- Born: c. 380
- Died: c. 420s
- Notable work: Correspondent of Paulinus of Nola

= Galla (wife of Eucherius) =

Late Roman female letter writer and ascetic

Galla (c. 380 – c. 420s) was a late Roman woman who was a correspondent of Paulinus of Nola, and the wife of Eucherius of Lyon.

== Biography ==
Whilst little is known about the life of Galla, she is a significant late Roman woman since Paulinus of Nola addressed Epistola 51 to her and her husband, making her one of the few late Roman women known by name. This letter is also one of the last known to be written by Paulinus.

Galla was married to Eucherius, who became bishop of Lyon in 434. They had two sons: Veranus and Salonius, who were born c. 400. According to some sources, they also had two daughters, Consortia and Tullia.

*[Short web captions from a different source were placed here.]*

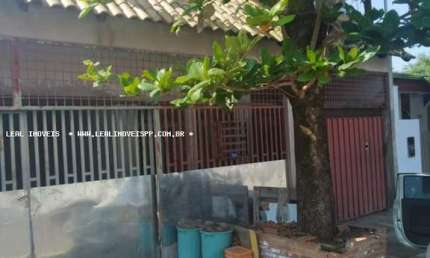 Casa para Venda em Presidente Prudente, ANA JACINTA, 4 dormitórios, 1 suíte, 1 banheiro, 1 vaga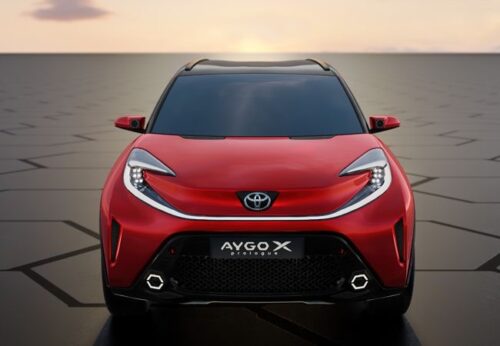 【悲報】トヨタの新型アイゴ、顔がキモすぎると不評の嵐wwwwwwwwwwwww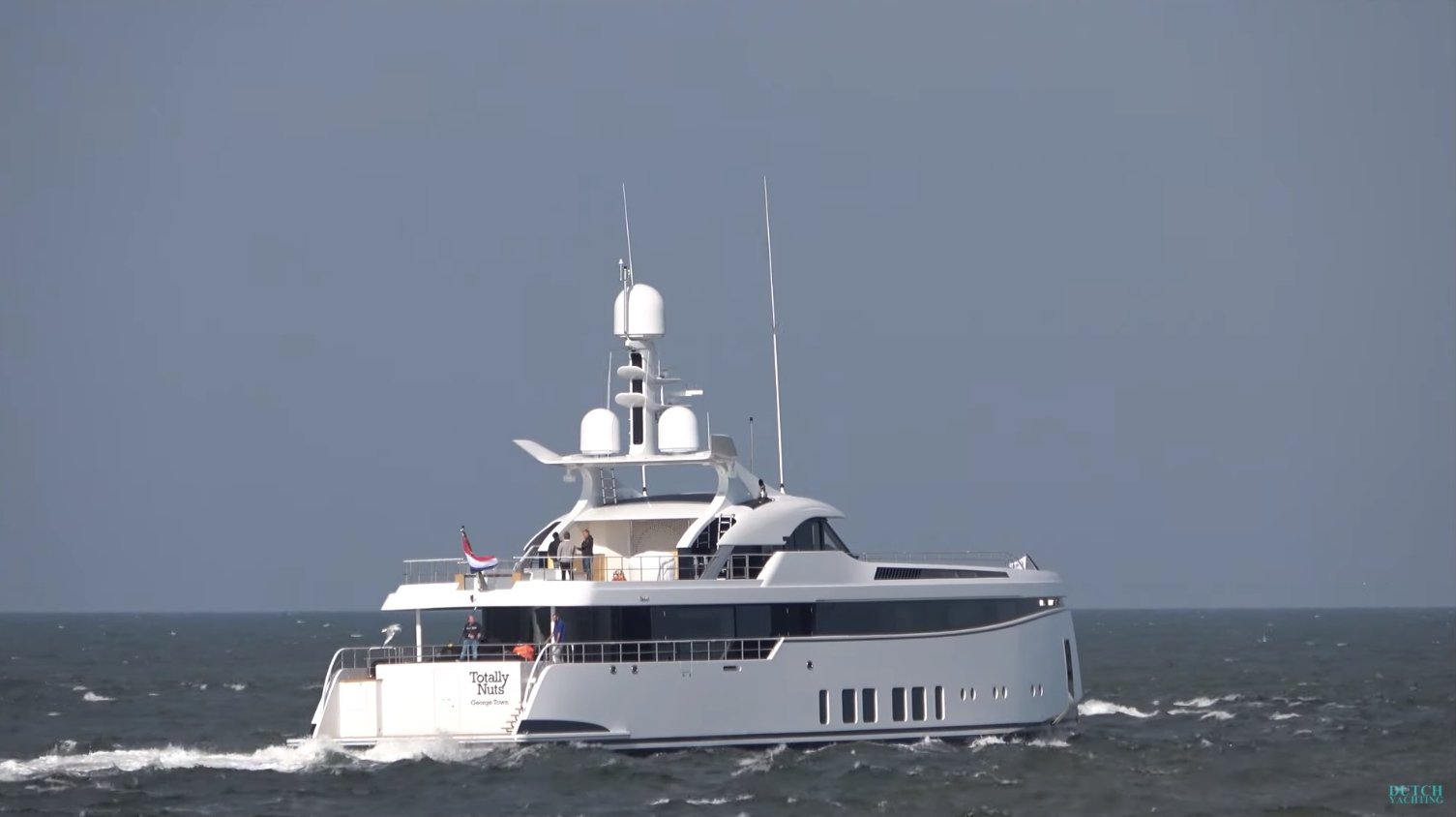 Yacht TOTALEMENT NUTS • Feadship • 2020 • propriétaire Sarkis Izmirlian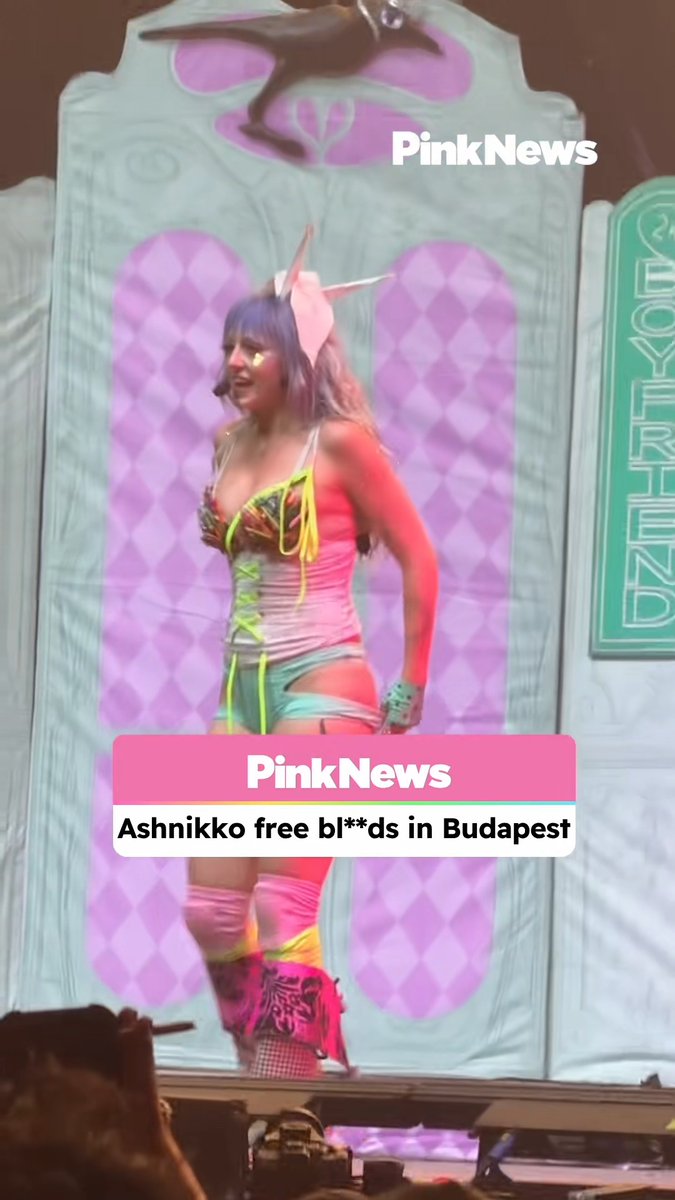 During their performance at Sziget Festival in Budapest, rapper Ashnikko shares a candid moment
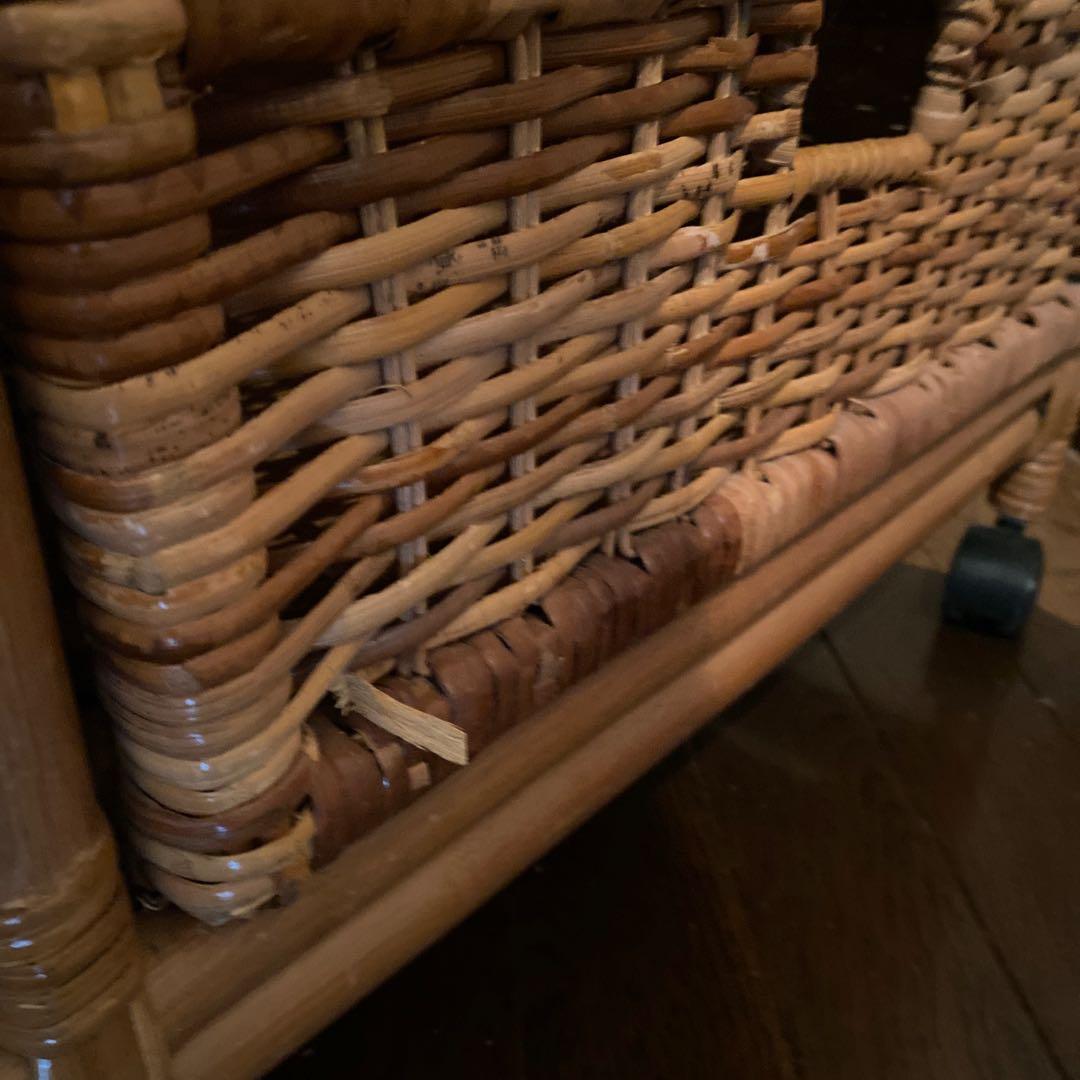 ラタン 4段収納ラック キャスター付き　中古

Galla's date of birth is unknown, but it could have been c. 380.

After their sons were born, Eucherius suggested that they alter their way of life to become more holy, leading the family to become religious ascetics together. Galla and Eucherius' marriage evolved to run on ascetic principles, like other 'marriages of friendship' undertaken by other religious figures such as Paulinus and Therasia of Nola. The Vita Sanctae Consortiae tells us that their religious conversion involved intense isolation.

In the 420s monks from Lérins visited Paulinus and told him how Eucherius, Galla and their sons were living an ascetic and secluded life in the monastery there. Both sons were later sent to visit Paulinus of Nola. The family practised "unwealth" - where life was restricted to the minimum in order to support prayer and devotion.

After the death of Galla, Eucherius retired to Lerins. Since Epistola 51 was written in either 421 to 426, we can assume Galla died some time after then in the 420s.